El señor Reed soltó un bufido y me miró con esa expresión irritada que tan bien conocía y que casi me resultaba familiar.
—Señorita Crumb, el vals es el único baile que domino —contestó con severidad.
Me tomó de las manos pese a mi resistencia y me colocó en una posición de baile que a mí me pareció extraña; la había visto, pero nunca la había ejecutado.
Estábamos muy cerca, como debía ser. Me hervía la cabeza de miedo, caos e inseguridad. Mis manos no sabían adónde ir, los pies no tenían ni la más mínima idea de qué hacer; cuando el señor Reed subió la mano por mi espalda, me mareé.

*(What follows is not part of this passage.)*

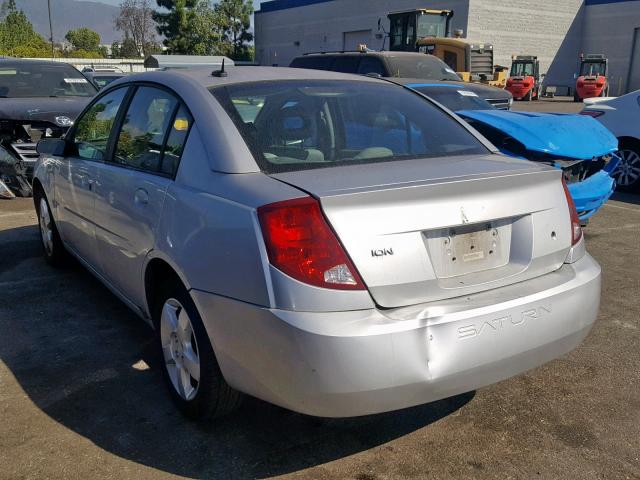 1G8AJ58F56Z162339 - 2006 SATURN ION LEVEL SILVER photo 3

Por un momento, pensé en huir de la pista de baile, sin más, pero habría sido aún más vergonzoso y una ofensa para el señor Reed; en realidad, era yo quien lo había metido en esa situación.

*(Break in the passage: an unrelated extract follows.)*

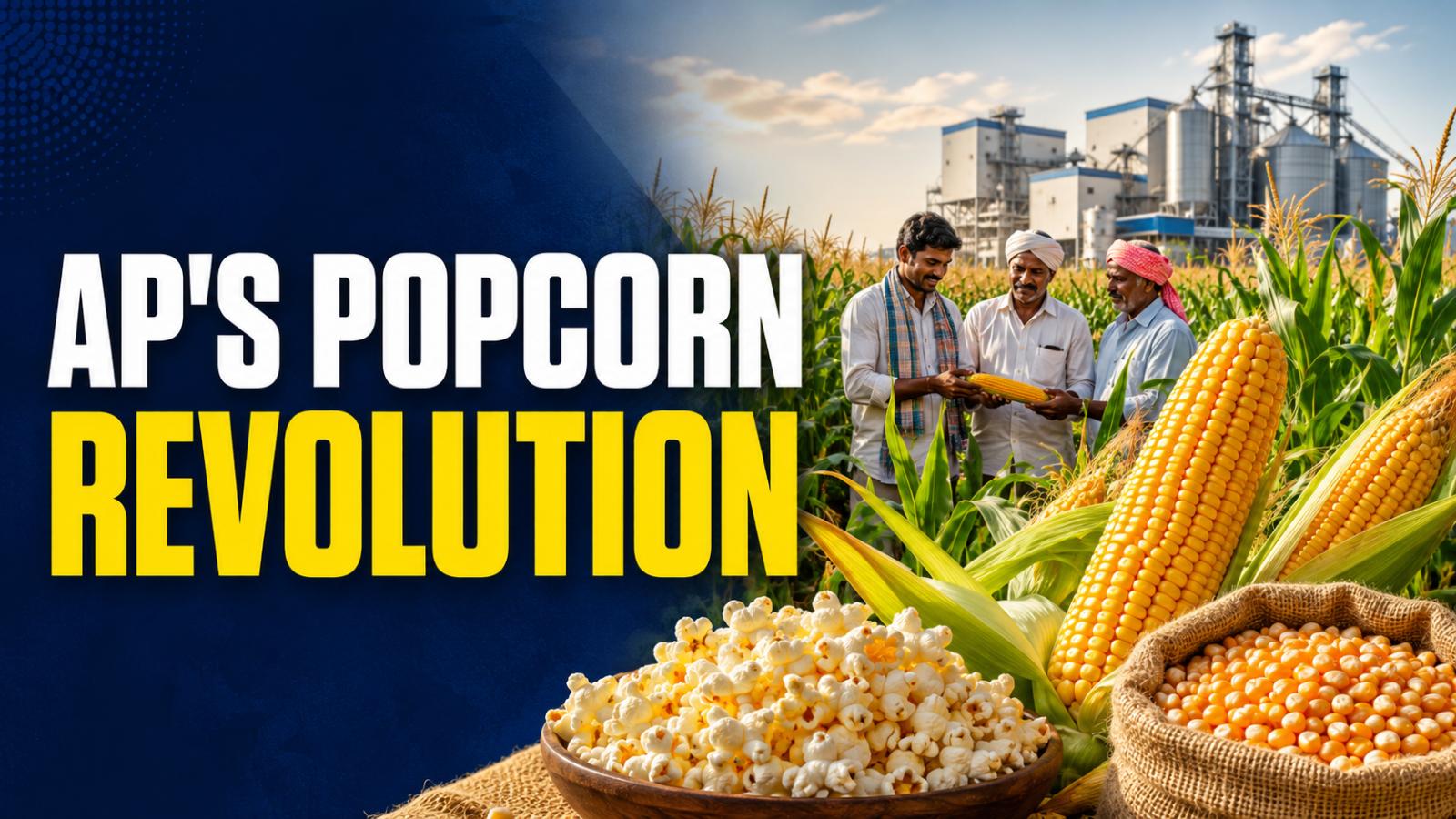 India’s First Non-GMO Popcorn Seed Launched in Andhra Pradesh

—Lo conseguirá, Animant. Es usted lista, y yo soy testarudo —me dijo.
Pero apenas podía escucharle. Me sujetó con más firmeza y sentí que el corazón estaba a punto de salirme del pecho. Sonó la música.
El señor Reed dio el primer paso al tiempo que me empujaba hacia atrás. Tuve que seguirlo.
—Atrás, a un lado, ya. Delante, a un lado, ya… —me susurraba al oído siguiendo el compás de tres por cuatro.
Procuré seguir sus indicaciones. Sorprendentemente, solo tardé unos compases en aprender el truco. No eran movimientos complicados; nada de interminables sucesiones de pasos que recordar, como sucedía en las contradanzas. Con apenas unos cuantos pasos, salía un baile entero.
Ese era el nuevo tipo de baile. Enseguida comprendí por qué unos años antes había provocado un escándalo en la alta sociedad, pese a que el pueblo llano parecía tener menos problemas con él. Eran los movimientos de dos personas que se fundían en una sola. Al pensarlo, sentí una gran inseguridad.
El señor Reed me guio con una severidad que no me dejaba alejar del paso. No me di cuenta, hasta que empezó a dolerme, de que me estaba mordiendo el labio inferior de los nervios.
—Ahora giraremos —me avisó el señor Reed, y sus pasos nos llevaron ya al giro.
Mi vestido ondeó, los pies apenas rozaron el suelo; de pronto, noté la cabeza muy liviana.
—Lo hace muy bien —me alabó.
Noté el deje burlón en su voz grave. Quise contestarle con un sarcasmo, ocultar la vergüenza tras una máscara de palabras bien escogidas, pero no lo logré. No podía hacer otra cosa que seguir sus pasos. Cuando, de pronto, terminó la música, la gente se puso a aplaudir y el señor Reed me soltó. Estalló una burbuja y regresé a la realidad del salón.
Me tambaleé a un lado, pues aún no había recuperado el equilibrio. Por suerte, el señor Reed reaccionó enseguida: me sujetó para que me mantuviera erguida y me dedicó una sonrisa cómplice.
Me sorprendió darme cuenta de que estaba disfrutando.